When it comes to online gambling in the US, the legal landscape is an ever-changing one. Nonetheless, here are four states worth keeping an eye on throughout 2020.
Santa arrived early in The Wolverine State as a full gambling expansion was signed into law in December 2019. In doing so, Michigan became the 20th state to legalize sports betting since PASPA was abolished and only the fifth to legalize online gambling.
Under the regulatory framework, three commercial casinos and 23 tribal casinos will be permitted to offer sports betting on-site and, significantly, online and via mobile, in addition to internet gaming including poker, blackjack, slots, and other casino-style games.
The market is set to launch ahead of March Madness, a popular call for Michiganders who hold their college basketball in high regard. As has been the case generally across the U.S, mobile wagering will follow the retail launch. But with PointsBet and The Stars group already having confirmed their presence in MI, a quick turnaround is anticipated.
Such a wait for online/mobile betting won’t be necessary for Tennessee. That’s because the Volunteer State will roll out an online-only market, the first of its kind across the US gambling landscape.
As a casino-less state, an offering based solely online is the only way for Tennessee to offer sports betting. As such, lawmakers have decided against setting a deadline for implementing the final regulations, choosing instead to ensure the industry is 100% ready from the off.
That said, an April/May launch remains the general consensus for Tennessee mobile sports betting. Applications from potential operators will be considered from February.
The official countdown is on in The Centennial State. The new sports gambling law, approved by voters in November 2019, albeit narrowly, takes effect from May 1, 2020. And yes, mobile wagering via sports betting apps is included as part of the legislative framework.
Before then, the Colorado Limited Gaming Control Commission, who’ll oversee the industry, will work through applications from operators looking to gain one of 33 licenses available for physical and online sportsbooks. Those successful will be taxed 10% of their net profit to help fund the Colorado Water Plan.
Not that this has deterred interested parties. The state, which has a pro team in each major league, has received over 50 applications since November.
More than $4 million was wagered in New Jersey during 2019, with the market leader continuing to dominate the US gambling landscape. But would NJ be enjoying as much success if full mobile wagering was available in New York?

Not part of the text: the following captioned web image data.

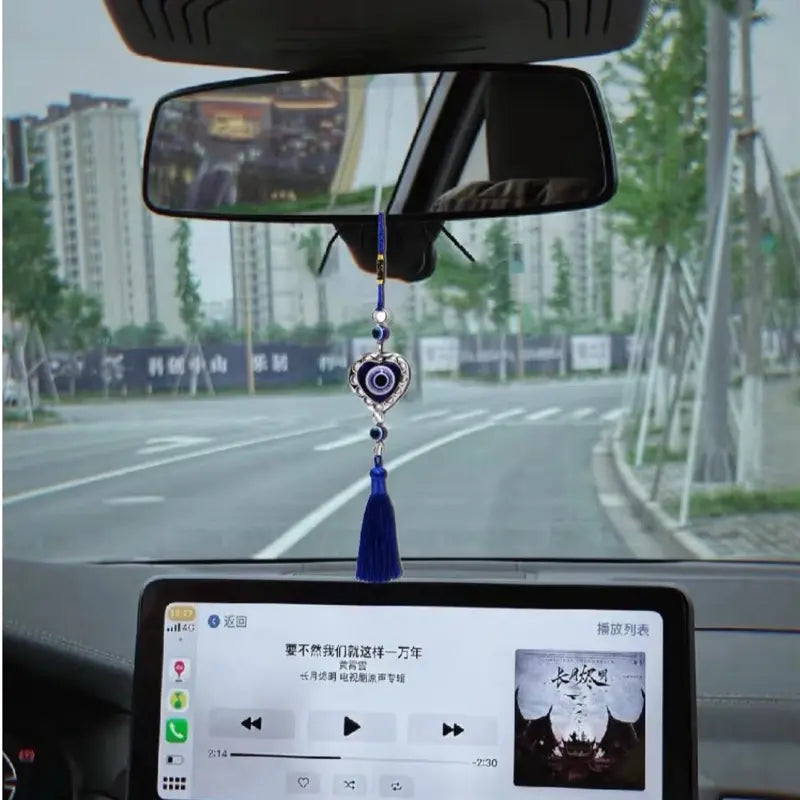 Lucky B-Heart Evil Eye Car Hanging Ornament – Blue Eye Charm Pendant for Rear-View Mirror, Protective Car Interior Decoration & Gift for Women and Men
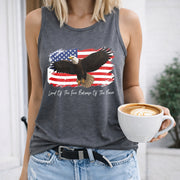 Land of the Free Because of the Brave Patriotic Eagle Women's Color Cotton Tank Top in Gray
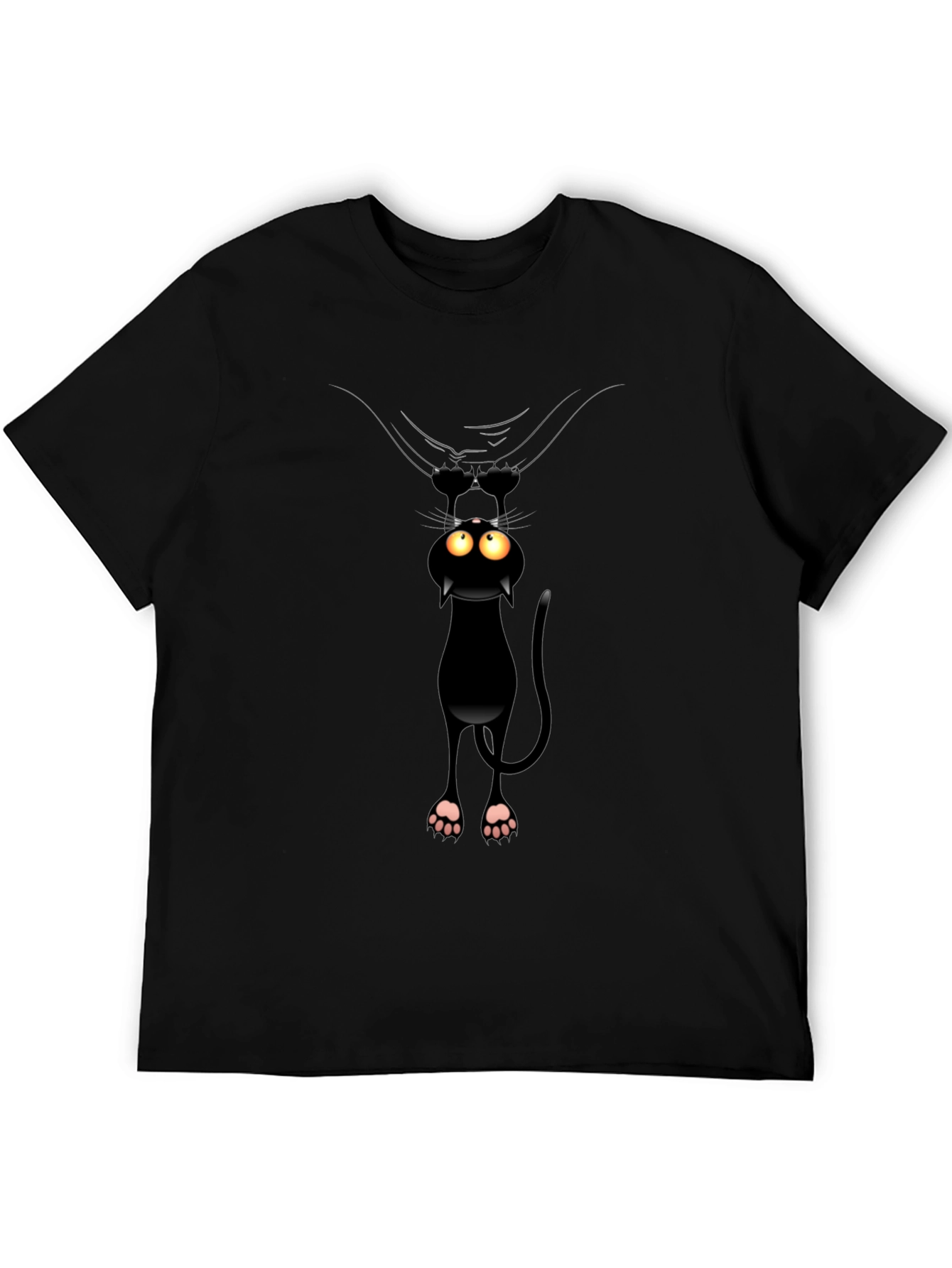 Funny Cat Hanging T-Shirt - Black Cotton Tee - 5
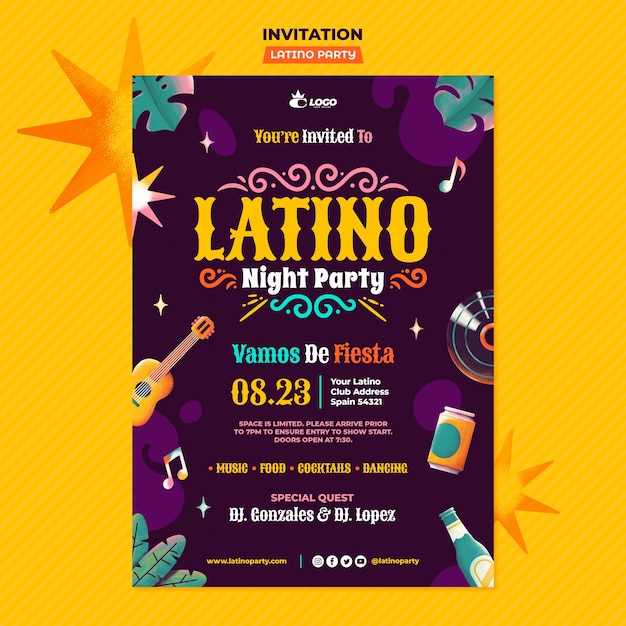 Latino party invitation template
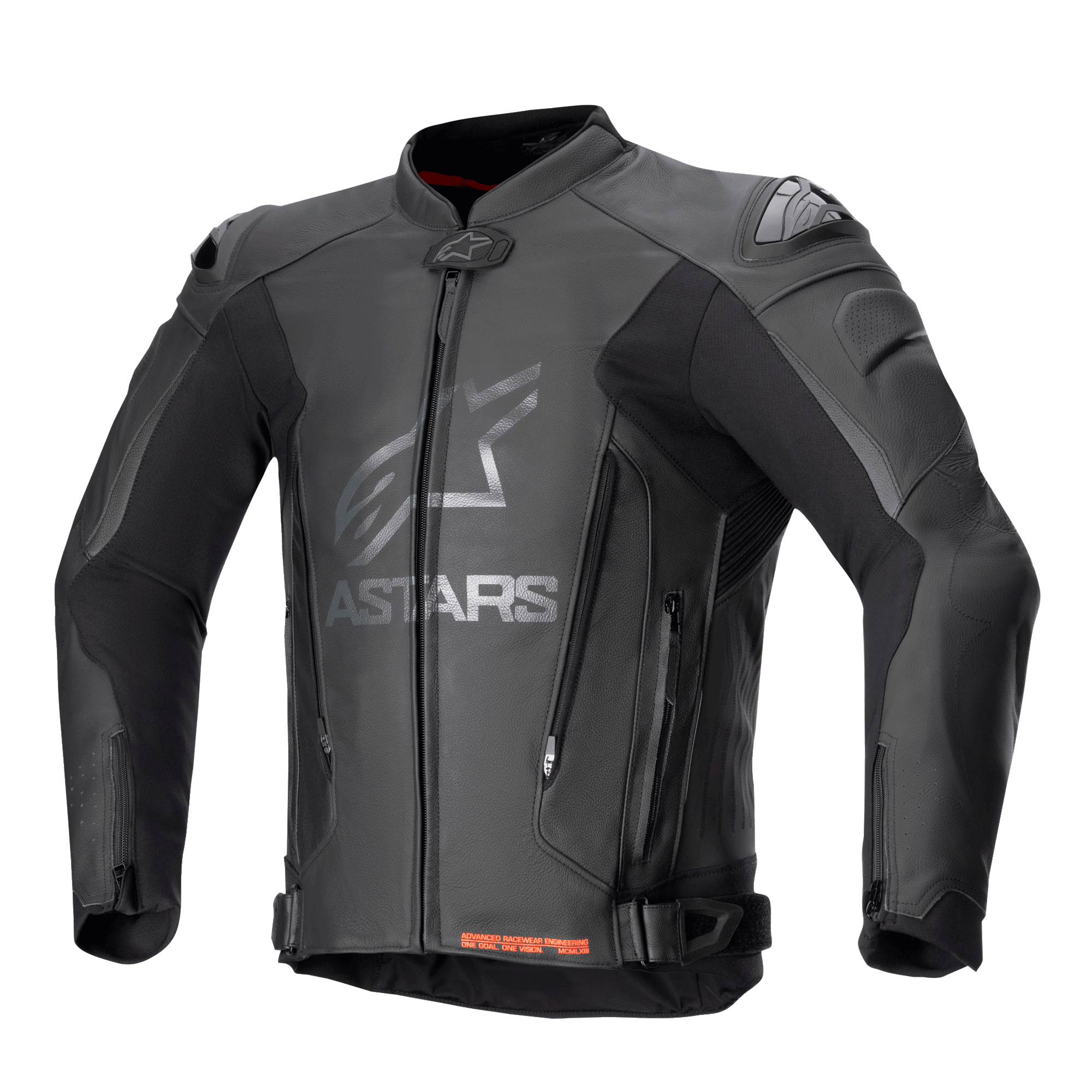 Blouson en cuir Alpinestars GP Plus V4, blouson de course de moto noir avec logo ASTARS argenté sur la poitrine, fermeture éclair frontale, sliders d'épaule DFS externes, fermetures éclair de ventilation à l'abdomen, sangles de taille réglables, accents rouges à l'intérieur du col, cuir premium et construction stretch technique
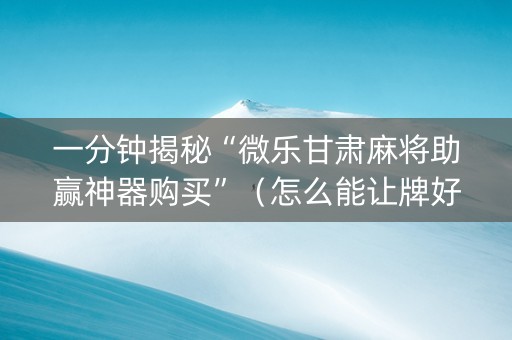 一分钟揭秘“微乐甘肃麻将助赢神器购买”（怎么能让牌好一点)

It’s a question worth asking since more and more New Yorkers are breaking through geolocation fences to place legal sports bets in New Jersey, much to the financial gain of the Garden State. Betting from subway stations and trains is slowly becoming the norm for many locals, frustrated at the ongoing deadlock on the matter.
Although a bill to legalize online sports gambling has been passed by the State Senate, Gov. Andrew Cuomo remains strongly opposed to the idea of mobile wagering. But for how much longer he can allow New Jersey to essentially be fed money remains to be seen. The first half of 2020 will prove vital in terms of both sides reaching a compromise.